Int J Mol Cell Med. 2019 ;8(2):141-153. Epub 2019 Oct 25. PMID: 32215265

Abstract Title: 

Protective Effect of Naringin on Bisphenol A-Induced Cognitive Dysfunction and Oxidative Damage in Rats.

Abstract: 

Bisphenol A (BPA) is one of the highest volume chemicals produced worldwide, which is used in many plastic industries. The present study aimed to evaluate the effect of BPA on cognitive functions and oxidative stress, and determine whether the naringin (NG) co-administration can modify the effect of this compound on cognitive functions and inhibit any possible oxidative stress in the brain tissue of rats. Adult male Wistar rats were divided into six groups. Group I: control, Group II: BPA-treated rats (50 mg/kg/day), Group III, IV, V: BPA+NG (40, 80, 160 mg/kg/day), Group VI: NG (160 mg/kg/day) alone. Cognitive functions were evaluated using step-down latency (SDL) on a passive avoidance apparatus, and transfer latency (TL) in elevated plus-maze.
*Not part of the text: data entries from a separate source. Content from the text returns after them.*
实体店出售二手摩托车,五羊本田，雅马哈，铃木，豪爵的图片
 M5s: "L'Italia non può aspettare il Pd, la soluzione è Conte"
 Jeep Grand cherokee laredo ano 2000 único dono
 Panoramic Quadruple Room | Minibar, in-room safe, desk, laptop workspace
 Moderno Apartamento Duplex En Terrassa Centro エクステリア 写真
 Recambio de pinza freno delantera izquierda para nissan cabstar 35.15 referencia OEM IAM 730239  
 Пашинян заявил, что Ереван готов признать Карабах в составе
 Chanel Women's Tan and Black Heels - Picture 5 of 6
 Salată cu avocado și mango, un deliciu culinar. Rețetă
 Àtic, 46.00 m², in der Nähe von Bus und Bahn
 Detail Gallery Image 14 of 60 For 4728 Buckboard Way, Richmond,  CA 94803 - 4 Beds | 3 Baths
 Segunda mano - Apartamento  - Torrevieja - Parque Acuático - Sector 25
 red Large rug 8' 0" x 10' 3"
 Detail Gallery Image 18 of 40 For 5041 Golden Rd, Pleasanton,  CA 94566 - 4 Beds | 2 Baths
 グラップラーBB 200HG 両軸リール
A significant decrease in SDL, prolongation of TL, noticeable oxidative impairment and increase in acetylcholinesterase activity were observed in the BPA-treated in comparison with the control group. Also, the co-administration of NG (160 mg/kg) antagonized the effect of BPA on SDL and TL, attenuated oxidative damage by lowering malondialdehyde and nitrite concentrations and restored superoxide dismutase, catalase, and glutathione S-transferase activities. On the other hand, acetylcholinesterase activity was reduced in the groups co-administred with NG (80 or 160 mg/kg) and BPA in comparison with the BPA alone-treated group. The present study highlighted the therapeutic potential of NG against BPA-induced cognitive impairment and oxidative damage.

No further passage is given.